Variational inference for scaling and merging in crystallography
Created:
Last modified:
This perspective describes existing algotihms for scaling and merging in crystallography and the recent introduction of variational inference (VI) in this field.
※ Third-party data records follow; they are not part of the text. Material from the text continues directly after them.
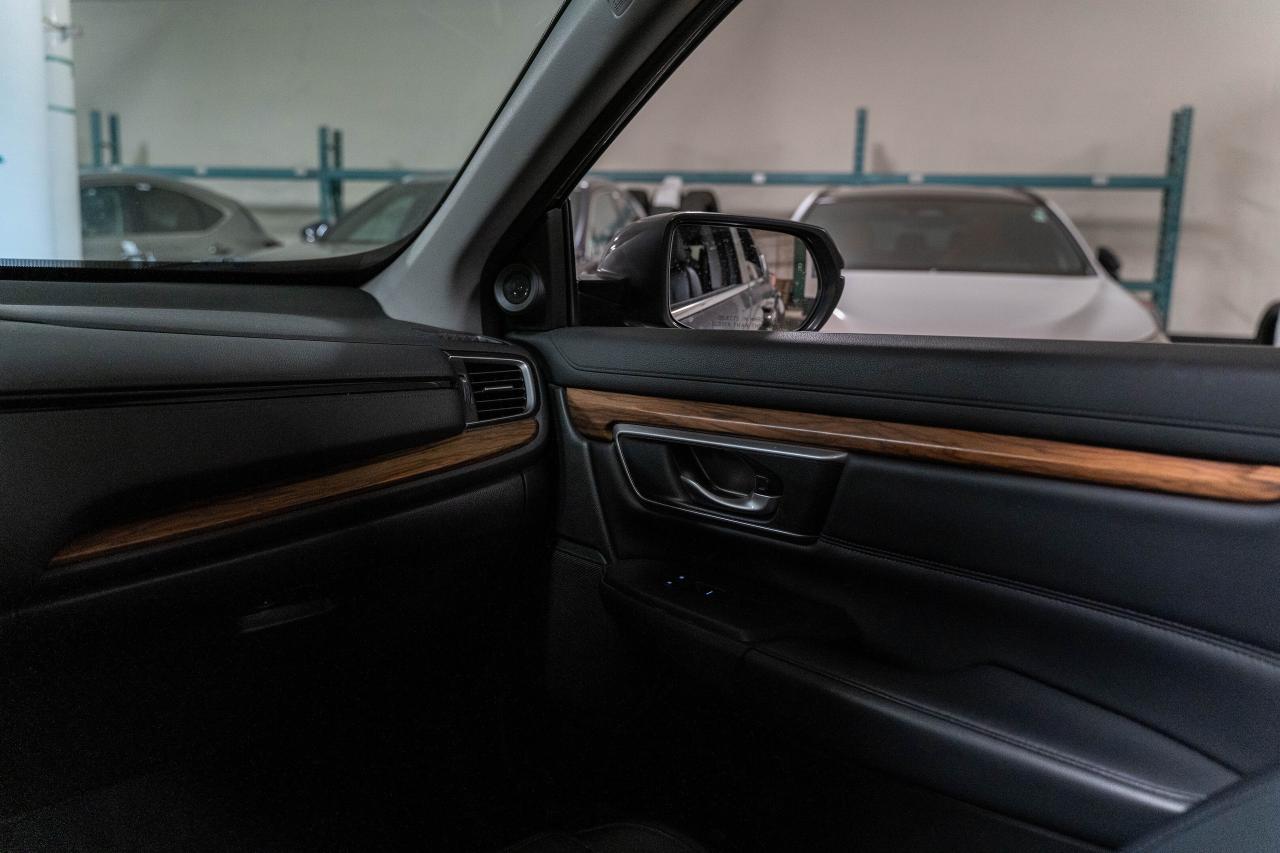 2018 Honda CR-V Touring Pkg Safety Certified Welcome Trades Photo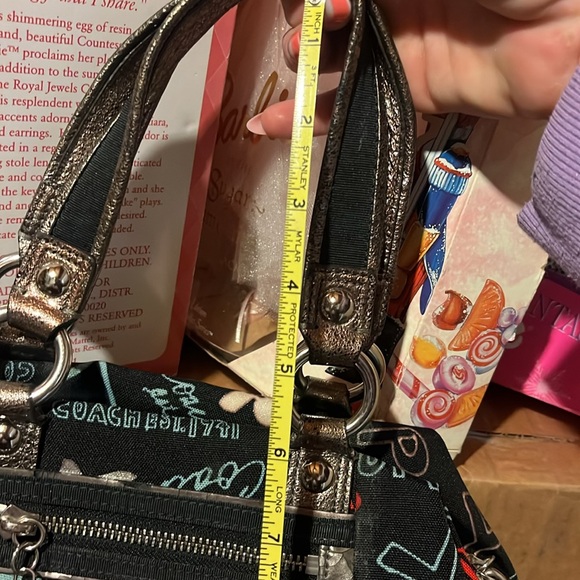 Coach Poppy Graffiti Glam Heart Tote - Picture 10 of 10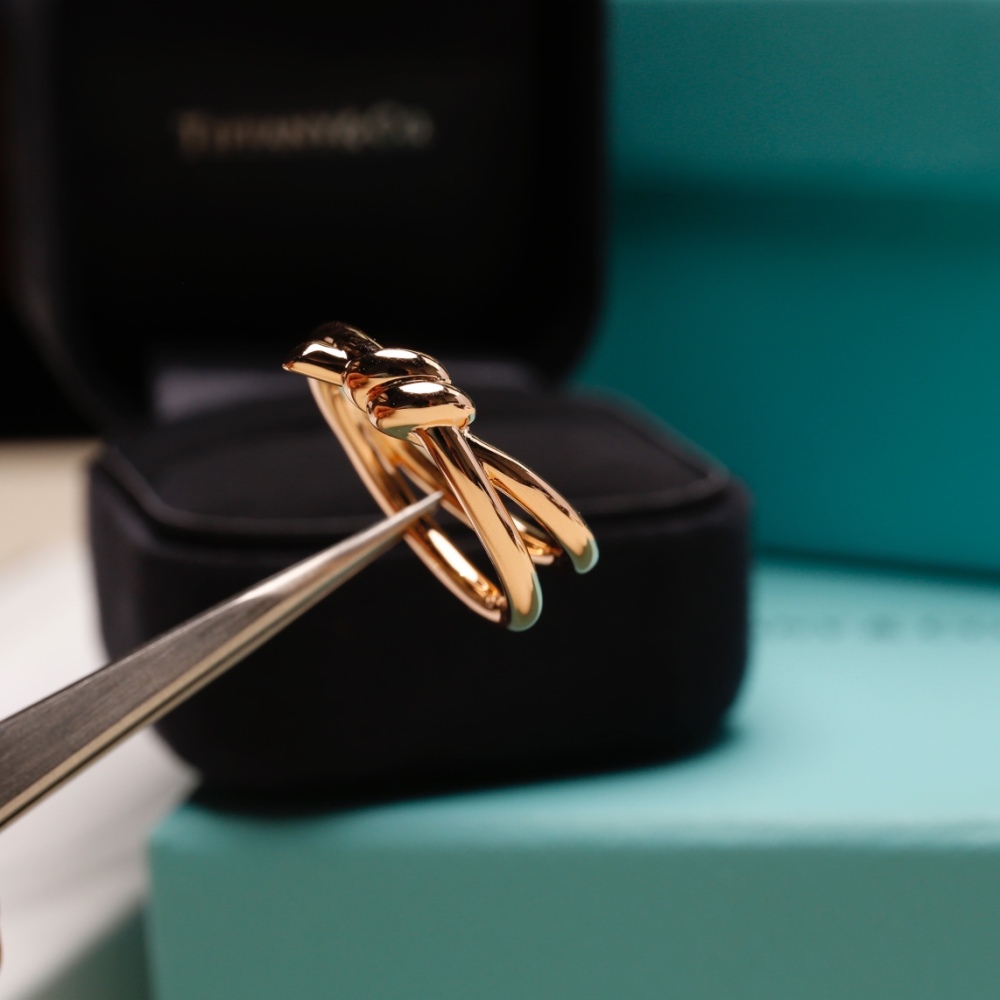 Tiffany ring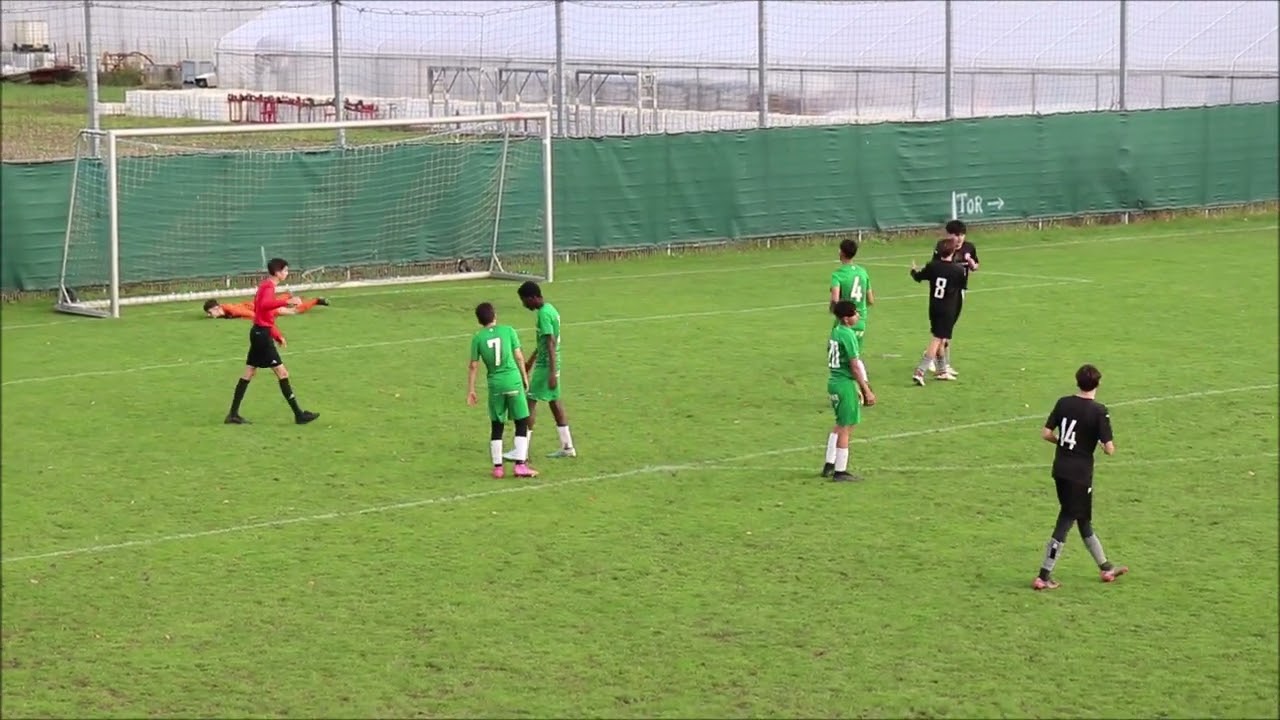 Szenen 1. Halbzeit, Meisterschaftsspiel U16A Leistungsklasse, SVU Liebenau–GSC Graz, 7:1, 04.11.2023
Conventional methods estimate the structure factor amplitude \(F= \sqrt{\bar{I}}\) by averaging redundant measurements of the reflection intensity \(I\) weighted by their uncertainty \(\sigma_I\) after performing a scaling that corrects for systematic errors. This approach can be interpreted as the maximum likelihood estimation (MLE), where using normal distribution as the error model, the likelihood of \(N\) measurements
\[p_\theta(I) = \prod^N_i p_\theta(I_i) = \prod^N_i \frac{1}{\sigma_{I_i}\sqrt{2\pi}} \exp\left[-\frac{(I_i - \theta)^2}{2\sigma^2_{I_i}}\right]\]is maximized (see this lecture note on taking derivative to find maximum) when the model parameter \(\theta\) is the weighted average
\[\theta = \bar{I} = \arg\max p_\theta(I) = \frac{\sum_i I_i/\sigma^2_{I_i}}{\sum_i 1/\sigma^2_{I_i}}.\]Variational inference (VI), in contrast, jointly performs scaling and merging by considering \(F\) as a latent variable that generates the observed \(I\). For simplicity, let’s ignore the scaling aspect of the problem for now. With the introduction of latent variables, the likelihood term generally becomes intractable (For a tractable case, see this post):
\(p_\theta(I) = \int p_\theta(I,F)dF = \int p_\theta(I|F)p(F)dF = \mathop{\mathbb{E}}_{p(F)}[p_\theta(I|F)].\) (Note that now \(\theta\) refers to parameters in general rather than just the underlying structure factors. You can also rewrite the MLE equation as maximizing \(p_\theta(I|\theta)\), which is the likelihood. In maximum a posteriori (MAP), the goal is to maximize the posterior, which is \(p_\theta(\theta|I) \propto p_\theta(I|\theta)p(\theta)\). When you don’t care about the prior \(p(\theta)\), MAP becomes MLE.)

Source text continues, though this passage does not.